Царское место, расписной деревянный шатёр на четырёх столбиках, пока пустовало, хотя возле него уже собирались священники и знатные прихожане. Похоже, не я один пытался обратиться к государю в церкви. Конкуренты чуть ли не локтями пихались, протискиваясь поближе к шатру.
Толпа вдруг загомонила, зашикала друг на друга, резко затихла. В собор входил государь. Через отдельный вход, с сопровождении царицы Анастасии и ещё нескольких приближённых.

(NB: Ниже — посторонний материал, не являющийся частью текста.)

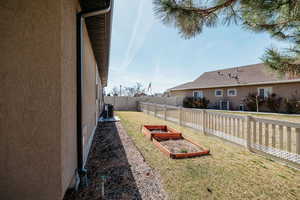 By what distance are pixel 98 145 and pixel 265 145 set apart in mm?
4736

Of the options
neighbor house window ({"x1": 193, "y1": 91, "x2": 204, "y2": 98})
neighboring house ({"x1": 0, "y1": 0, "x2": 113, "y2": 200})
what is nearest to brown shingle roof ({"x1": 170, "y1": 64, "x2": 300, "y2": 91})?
neighbor house window ({"x1": 193, "y1": 91, "x2": 204, "y2": 98})

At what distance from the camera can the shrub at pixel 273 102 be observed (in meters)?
12.4

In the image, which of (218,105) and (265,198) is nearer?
(265,198)

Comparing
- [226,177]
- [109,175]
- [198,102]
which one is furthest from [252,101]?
[109,175]

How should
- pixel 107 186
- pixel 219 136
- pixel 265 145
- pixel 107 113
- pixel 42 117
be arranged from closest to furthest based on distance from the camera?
pixel 42 117
pixel 107 186
pixel 265 145
pixel 219 136
pixel 107 113

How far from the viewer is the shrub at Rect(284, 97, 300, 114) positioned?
11352 mm

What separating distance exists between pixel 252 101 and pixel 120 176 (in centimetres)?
1540

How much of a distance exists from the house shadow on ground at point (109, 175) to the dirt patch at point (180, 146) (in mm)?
1373

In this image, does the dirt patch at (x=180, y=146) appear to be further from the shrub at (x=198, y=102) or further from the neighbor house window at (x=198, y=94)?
the neighbor house window at (x=198, y=94)

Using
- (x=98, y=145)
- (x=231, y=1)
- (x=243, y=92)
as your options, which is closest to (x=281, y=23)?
(x=231, y=1)

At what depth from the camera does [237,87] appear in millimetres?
15305

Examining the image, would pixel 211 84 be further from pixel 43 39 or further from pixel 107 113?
pixel 43 39

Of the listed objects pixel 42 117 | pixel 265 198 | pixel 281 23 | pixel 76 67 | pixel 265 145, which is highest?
pixel 281 23

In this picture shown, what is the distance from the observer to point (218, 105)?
1664 cm
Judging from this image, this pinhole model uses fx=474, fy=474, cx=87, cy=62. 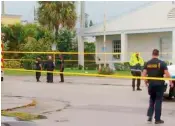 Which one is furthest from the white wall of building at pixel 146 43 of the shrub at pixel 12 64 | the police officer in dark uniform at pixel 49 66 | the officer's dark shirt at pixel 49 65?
the officer's dark shirt at pixel 49 65

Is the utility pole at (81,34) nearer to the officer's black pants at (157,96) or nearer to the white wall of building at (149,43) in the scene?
the white wall of building at (149,43)

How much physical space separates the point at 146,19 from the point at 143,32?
971 mm

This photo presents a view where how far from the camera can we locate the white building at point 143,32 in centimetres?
3247

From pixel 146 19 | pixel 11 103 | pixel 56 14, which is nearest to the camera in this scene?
pixel 11 103

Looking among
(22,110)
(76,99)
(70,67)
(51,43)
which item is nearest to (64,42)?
(51,43)

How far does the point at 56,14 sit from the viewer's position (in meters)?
40.3

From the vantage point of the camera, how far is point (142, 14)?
3409cm

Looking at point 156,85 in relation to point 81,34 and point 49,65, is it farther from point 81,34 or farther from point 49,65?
point 81,34

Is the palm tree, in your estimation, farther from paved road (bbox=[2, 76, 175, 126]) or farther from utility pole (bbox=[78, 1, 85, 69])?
paved road (bbox=[2, 76, 175, 126])

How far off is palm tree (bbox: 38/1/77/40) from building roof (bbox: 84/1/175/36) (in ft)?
15.9

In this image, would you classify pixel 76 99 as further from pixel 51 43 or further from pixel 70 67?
pixel 51 43

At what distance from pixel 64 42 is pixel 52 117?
3008cm

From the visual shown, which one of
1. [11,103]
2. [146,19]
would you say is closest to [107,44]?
[146,19]

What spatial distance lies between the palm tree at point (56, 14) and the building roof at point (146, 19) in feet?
15.9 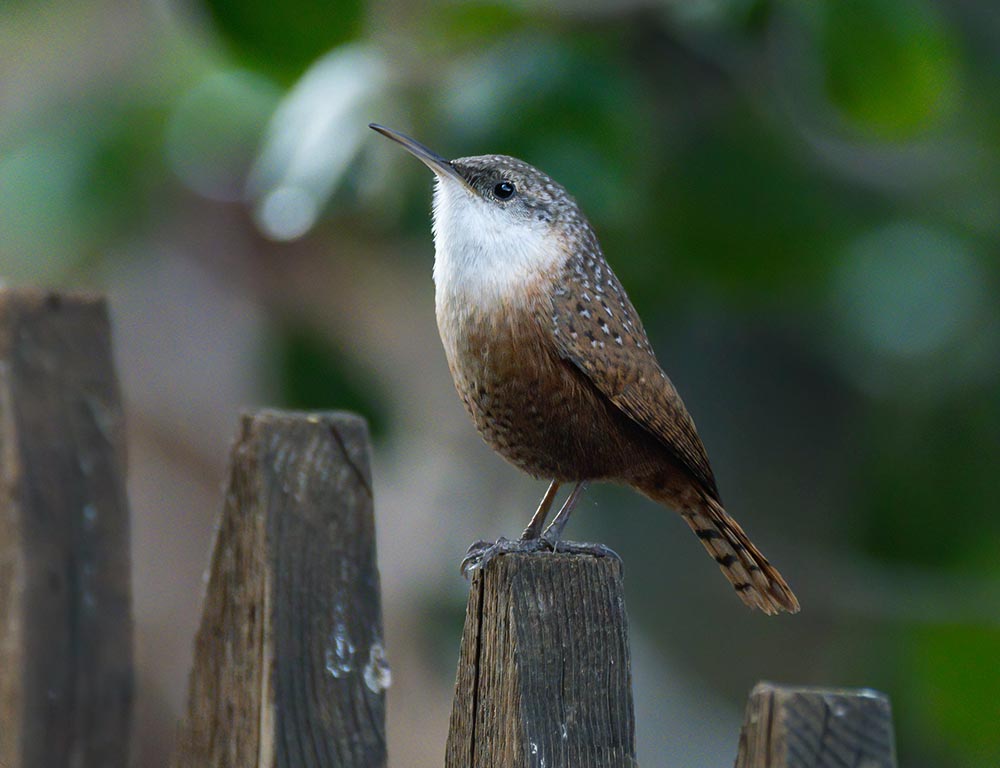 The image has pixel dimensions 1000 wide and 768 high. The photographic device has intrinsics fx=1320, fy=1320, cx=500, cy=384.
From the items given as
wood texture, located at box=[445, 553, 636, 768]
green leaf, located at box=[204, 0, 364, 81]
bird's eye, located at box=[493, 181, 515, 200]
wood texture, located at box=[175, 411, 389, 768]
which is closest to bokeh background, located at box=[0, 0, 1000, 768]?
green leaf, located at box=[204, 0, 364, 81]

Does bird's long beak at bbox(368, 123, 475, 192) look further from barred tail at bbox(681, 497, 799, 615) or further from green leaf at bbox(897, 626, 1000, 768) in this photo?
green leaf at bbox(897, 626, 1000, 768)

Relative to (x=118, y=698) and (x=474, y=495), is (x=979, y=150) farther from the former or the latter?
(x=118, y=698)

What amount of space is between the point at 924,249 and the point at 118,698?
3120 millimetres

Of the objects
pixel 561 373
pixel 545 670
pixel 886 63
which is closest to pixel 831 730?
pixel 545 670

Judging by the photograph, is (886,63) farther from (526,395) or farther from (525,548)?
(525,548)

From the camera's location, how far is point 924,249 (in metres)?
4.29

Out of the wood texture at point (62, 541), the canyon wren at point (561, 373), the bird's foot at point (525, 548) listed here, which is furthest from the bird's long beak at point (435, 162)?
the wood texture at point (62, 541)

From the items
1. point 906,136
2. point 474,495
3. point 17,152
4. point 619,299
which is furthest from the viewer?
point 474,495

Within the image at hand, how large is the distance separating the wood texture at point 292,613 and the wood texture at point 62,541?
159 millimetres

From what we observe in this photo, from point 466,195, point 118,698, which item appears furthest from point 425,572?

Я ожидал увидеть грозного старца с ястребиным взглядом, точно на картине Васнецова, но вместо этого обнаружил молодого статного мужчину с короткой острой бородкой. Ненамного старше меня нынешнего. Одет он был скромно, в отличие от большинства своих придворных, шёл величаво, спокойно, с полным осознанием своего превосходства. Слева от него шла миниатюрная женщина, красивая, но измождённая и бледная. Похоже, Анастасию уже начали потихоньку травить, недоброжелателей у неё, несмотря на кроткий и добрый характер, хватало с лихвой.
Царицу, вышедшую из простого боярского рода, при дворе не любили. Царь, мол, женился на худородной, на неровне, когда все древние княжеские роды желали, что он породнится с кем-нибудь из них.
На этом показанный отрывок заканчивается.